Items from a data source:
%%

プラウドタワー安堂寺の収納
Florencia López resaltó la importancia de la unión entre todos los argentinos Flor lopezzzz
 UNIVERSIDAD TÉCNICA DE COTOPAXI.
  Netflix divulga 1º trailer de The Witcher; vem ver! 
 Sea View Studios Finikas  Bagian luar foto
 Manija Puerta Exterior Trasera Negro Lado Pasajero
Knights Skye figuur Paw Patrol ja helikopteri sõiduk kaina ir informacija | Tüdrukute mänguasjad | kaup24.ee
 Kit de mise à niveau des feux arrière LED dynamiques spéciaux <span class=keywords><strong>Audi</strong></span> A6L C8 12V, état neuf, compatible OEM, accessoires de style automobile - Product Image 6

%%

In the data above, retype exactly and only the lines between the one holding "Manija Puerta Exterior" and the one holding "Knights Skye figuur", inclusive.

*Written response*:
 Manija Puerta Exterior Trasera Negro Lado Pasajero
Knights Skye figuur Paw Patrol ja helikopteri sõiduk kaina ir informacija | Tüdrukute mänguasjad | kaup24.ee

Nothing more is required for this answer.